Forse confusi da questo gioco di palazzo, gli inglesi si sono scordati dell’altro attore in campo: l’Unione europea. Sia il presidente del Parlamento europeo David Sassoli che il coordinatore per la Brexit dell’Europarlamento Guy Verhofstadt, hanno condannato la decisione di Johnson. Senza contare che la Commissione europea non ha alcuna intenzione di togliere dall’accordo firmato da May, la clausola del backstop il meccanismo che eviterebbe il ritorno delle dogane tra Irlanda e Irlanda del Nord. Johnson chiede di eliminarla ma il suo tour a Berlino e Parigi si è rivelato un flop perché sia Angela Merkel che Emmanuel Macron hanno dato al premier inglese il compito di trovare una soluzione. E finora le alternative trovate dal governo inglese non sono piaciute. Addirittura ieri il ministro degli Esteri irlandese Simon Coveney ha detto che le alternative al backstop proposte dal Regno Unito non sono neanche lontanamente accettabili.

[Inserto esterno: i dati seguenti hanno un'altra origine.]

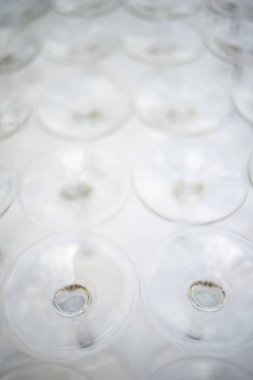 Lüks Otel düğün evlilik konuklar üzerinden içmek hazır, kırmızı veya beyaz şarap gözlük.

Bruxelles attende che Johnson trovi la soluzione perfetta, ma la decisione di ieri semplifica la situazione. Senza il Parlamento inglese a mettere i bastoni tra le ruote tutto può succedere perché a giocare il chicken game saranno solo il premier britannico e la Commissione europea. Senza il contrappeso di Westminister pronto a posticipare ancora, bisognerà vedere chi cederà per primo per evitare di farsi male. Ma la sensazione è che lo scopriremo solo all’ultimo respiro.